Image-text web data:
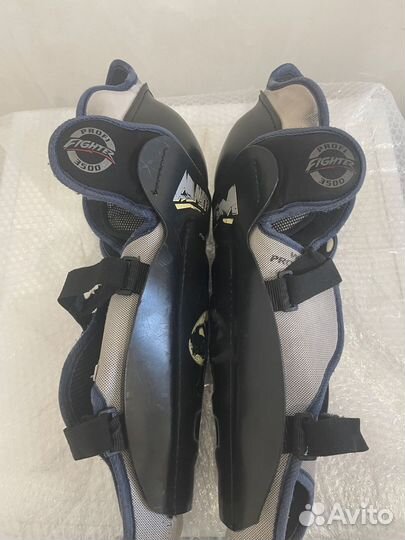 Щитки хоккейные 17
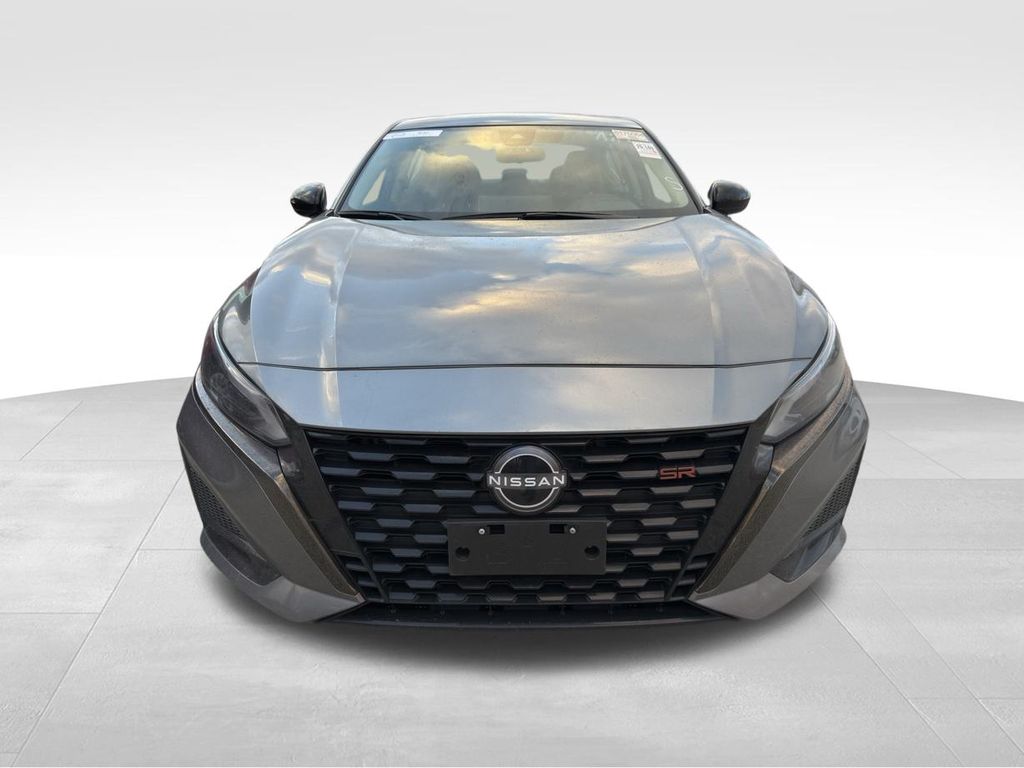 2023 Nissan Altima 2.5 SR photo 3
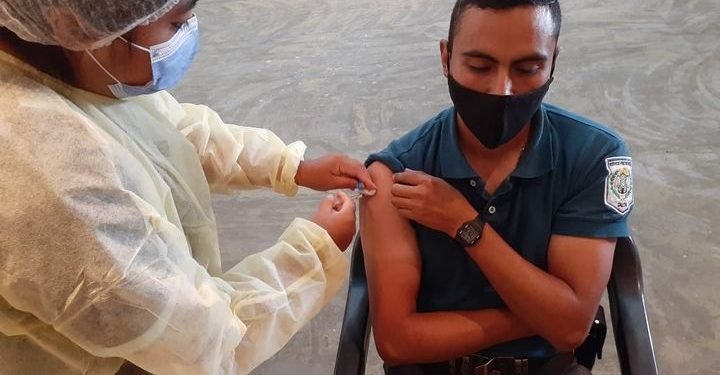 Inició el plan de vacunación al personal del Servicio Penitenciario de Salta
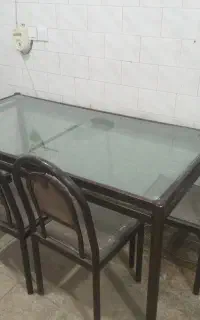 میز نهارخوری فلزی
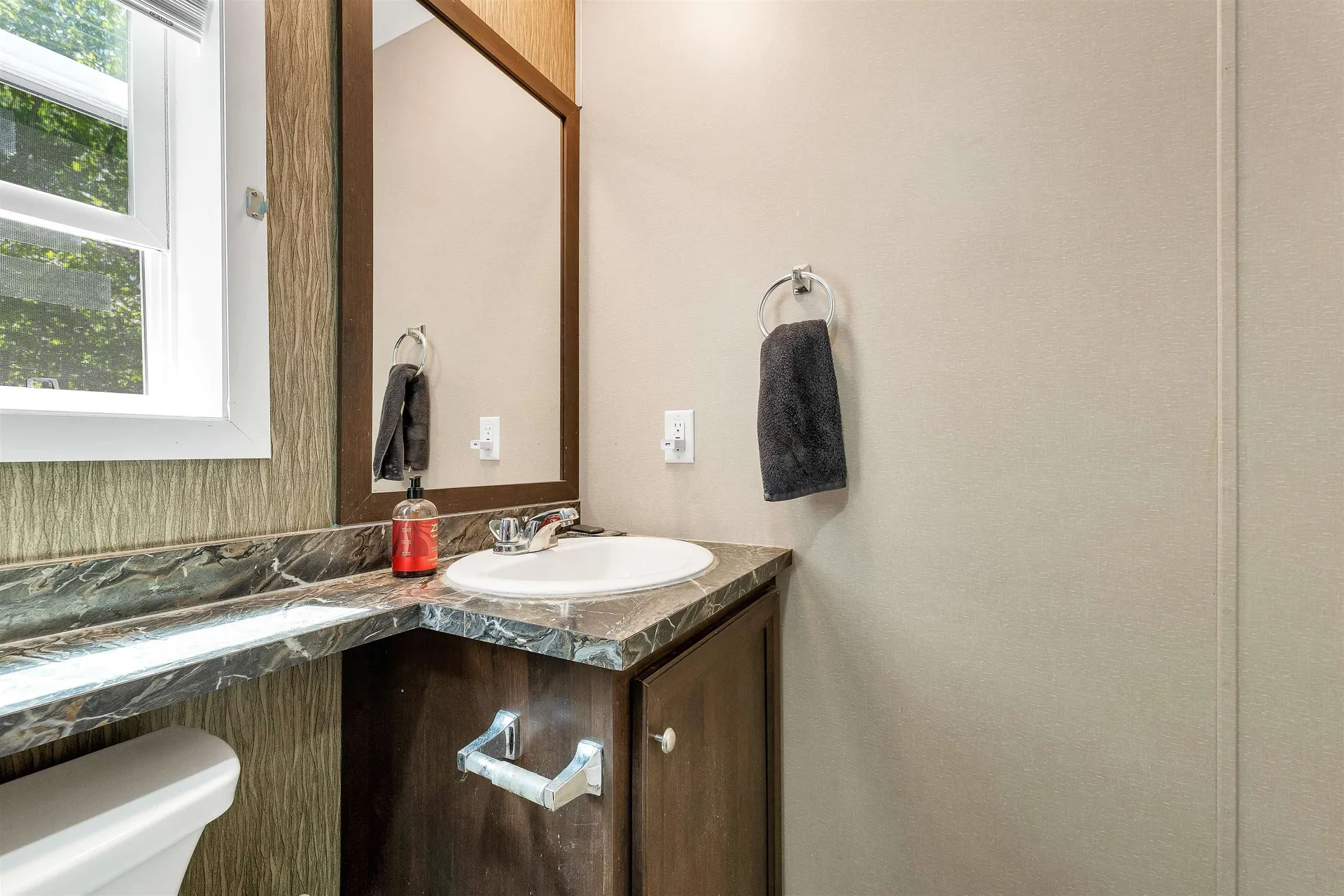 3 Oak Hill Road Northfield NH 03276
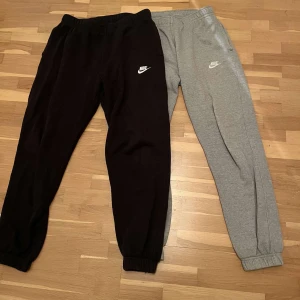 Nike byxor  - Jag har lagt upp två annonser separat på båda byxorna på min sida men här kan ni köpa båda tillsammans! Ordinarie pris för 2 är 1400kr men mitt pris för båda är 500kr!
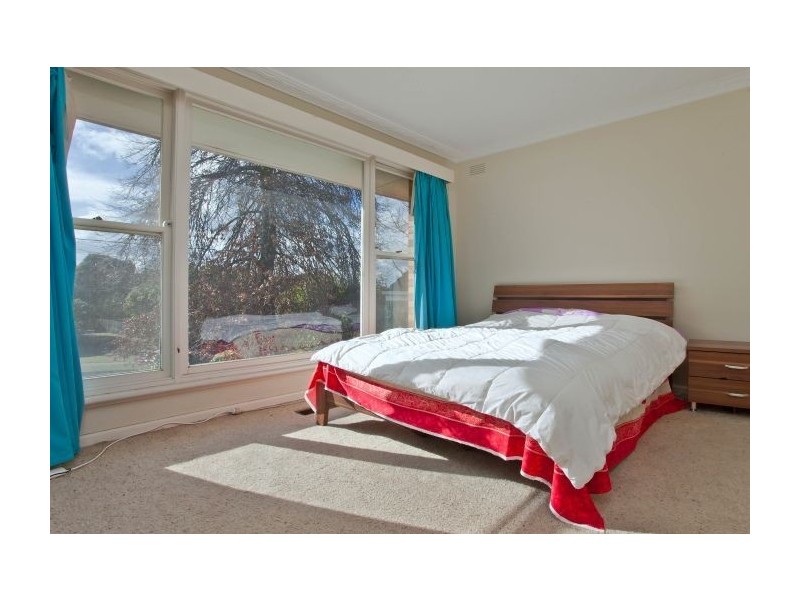 14 Barbara Avenue, Glen Waverley VIC 3150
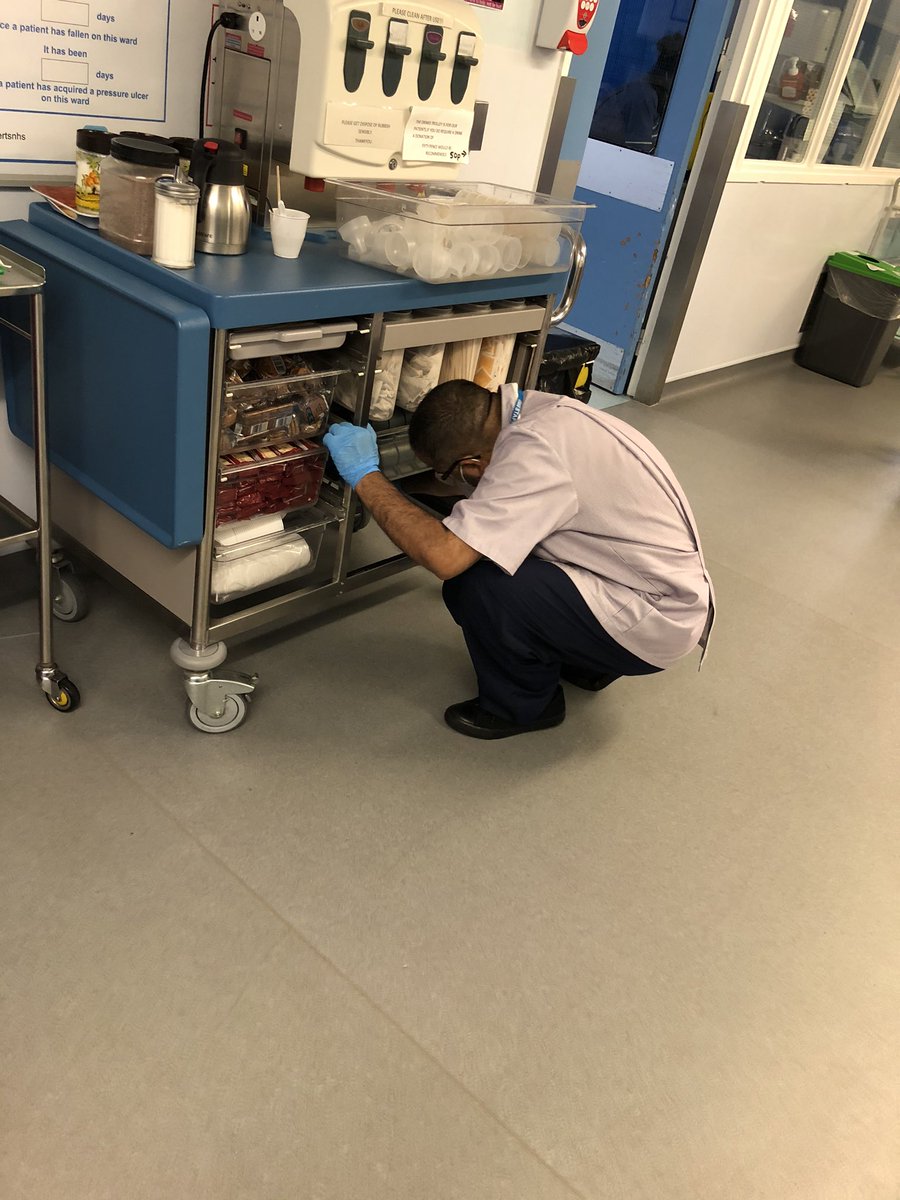 Chezza_999's tweet photo. I had the ultimate pleasure to visit Croxley ward and witness the outstanding housekeeper Javed, cleaning patient shared equipment to the highest standard I’ve ever seen. @WestHertsNHS @CEOAllenC @CarterTreacle @KatieVovrosh @GlynisBenett @AngelaWhite206 #proud https://t.co/2dZ0Bwo7Az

Task goal:
Retype the entries above exactly. Stop after the line containing "båda är 500kr!", and omit the pictures.

Solution:
 Щитки хоккейные 17
 2023 Nissan Altima 2.5 SR photo 3
 Inició el plan de vacunación al personal del Servicio Penitenciario de Salta
 میز نهارخوری فلزی
 3 Oak Hill Road Northfield NH 03276
 Nike byxor  - Jag har lagt upp två annonser separat på båda byxorna på min sida men här kan ni köpa båda tillsammans! Ordinarie pris för 2 är 1400kr men mitt pris för båda är 500kr!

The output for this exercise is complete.